The Abraham Accord: No details, no devil - analysis

Unlike the treaties with Egypt and Jordan that had to devolve into minute details about boundaries and timetables, these documents were much more general.

L to R: United Arab Emirates (UAE) Foreign Minister Abdullah bin Zayed, Bahrain’s Foreign Minister Abdullatif Al Zayani, Israel's Prime Minister Benjamin Netanyahu and US President Donald Trump stand together after signing of the Abraham Accords. September 15, 2020. (photo credit: REUTERS/TOM BRENNER)
L to R: United Arab Emirates (UAE) Foreign Minister Abdullah bin Zayed, Bahrain’s Foreign Minister Abdullatif Al Zayani, Israel's Prime Minister Benjamin Netanyahu and US President Donald Trump stand together after signing of the Abraham Accords. September 15, 2020.
(photo credit: REUTERS/TOM BRENNER)
The Israel-Egypt peace deal signed at the White House on March 26, 1979, spanned dozens of pages and included letters, annexes, detailed maps and agreed minutes.

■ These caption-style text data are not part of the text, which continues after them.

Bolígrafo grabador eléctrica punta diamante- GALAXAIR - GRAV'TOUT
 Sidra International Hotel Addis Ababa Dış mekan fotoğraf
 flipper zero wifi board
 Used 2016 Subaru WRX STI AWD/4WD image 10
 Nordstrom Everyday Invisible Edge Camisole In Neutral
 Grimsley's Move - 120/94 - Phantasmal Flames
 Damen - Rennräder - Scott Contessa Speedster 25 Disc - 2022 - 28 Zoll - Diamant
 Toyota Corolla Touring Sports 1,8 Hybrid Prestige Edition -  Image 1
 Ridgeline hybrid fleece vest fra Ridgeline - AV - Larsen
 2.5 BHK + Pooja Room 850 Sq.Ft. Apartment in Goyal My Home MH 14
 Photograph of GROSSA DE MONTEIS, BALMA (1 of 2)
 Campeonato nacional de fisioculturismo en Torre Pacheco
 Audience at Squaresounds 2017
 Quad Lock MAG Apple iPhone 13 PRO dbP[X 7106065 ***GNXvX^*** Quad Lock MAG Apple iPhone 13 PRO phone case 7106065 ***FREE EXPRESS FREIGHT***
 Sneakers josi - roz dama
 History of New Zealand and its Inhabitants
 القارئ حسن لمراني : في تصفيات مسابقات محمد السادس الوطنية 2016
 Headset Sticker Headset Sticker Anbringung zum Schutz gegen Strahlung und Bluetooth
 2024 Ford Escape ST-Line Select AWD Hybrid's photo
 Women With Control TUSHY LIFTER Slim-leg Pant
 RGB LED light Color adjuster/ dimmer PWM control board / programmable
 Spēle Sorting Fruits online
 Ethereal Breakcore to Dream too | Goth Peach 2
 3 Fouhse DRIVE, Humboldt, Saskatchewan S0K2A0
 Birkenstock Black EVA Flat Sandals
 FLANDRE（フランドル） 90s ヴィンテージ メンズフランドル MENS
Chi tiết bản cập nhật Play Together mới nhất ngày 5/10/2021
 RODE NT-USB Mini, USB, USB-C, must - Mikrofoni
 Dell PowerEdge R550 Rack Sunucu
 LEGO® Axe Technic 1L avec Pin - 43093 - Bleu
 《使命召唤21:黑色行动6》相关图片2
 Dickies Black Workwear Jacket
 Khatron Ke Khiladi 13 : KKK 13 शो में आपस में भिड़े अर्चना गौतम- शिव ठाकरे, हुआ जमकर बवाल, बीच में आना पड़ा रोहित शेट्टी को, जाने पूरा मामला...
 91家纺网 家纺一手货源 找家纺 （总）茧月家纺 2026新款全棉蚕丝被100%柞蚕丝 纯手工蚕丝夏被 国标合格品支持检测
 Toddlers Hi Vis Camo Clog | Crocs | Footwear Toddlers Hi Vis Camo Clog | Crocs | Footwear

So it goes when two sides that fought four bloody wars decide to terminate their state of war and disentangle. There were no-go zones in the Sinai to delineate, timelines of withdrawal from oil fields to spell out, and an international boundary to set.
That takes a lot of ink.
The same is true of the Israel-Jordan peace treaty, signed on October 26, 1994, in the Arava. That document, which put to end the state of war that existed between two countries that had fought each other three times, included a preamble, 30 articles, five annexes and agreed minutes.
Contrast that with the relatively brief documents signed Tuesday on the White House lawn.
There were three documents in all: the Abraham Accords declaration; the Declaration of Peace, Cooperation, and Constructive Diplomatic and Friendly Relations Between the Kingdom of Bahrain and the State of Israel; and the Treaty of Peace, Diplomatic Relations and Full Normalization Between the United Arab Emirates and the State of Israel. The first document was 210 words, the second about 460, and the peace treaty with the UAE spread over nine pages.
Why so short? Because unlike the treaties with Egypt and Jordan that had to devolve into minute details about boundaries and timetables, these documents were much more general.
Much ado was made in the run-up to Tuesday’s signing that no one in Israel – outside of the prime minister, his advisers, and officials involved in drawing up the documents  – had any idea what was in them.
Would they spell out an Israeli promise not to extend sovereignty to parts of the West Bank? Would they explicitly refer to a future Palestinian state? Would there be any mention of a US commitment to sell F-35s to the UAE?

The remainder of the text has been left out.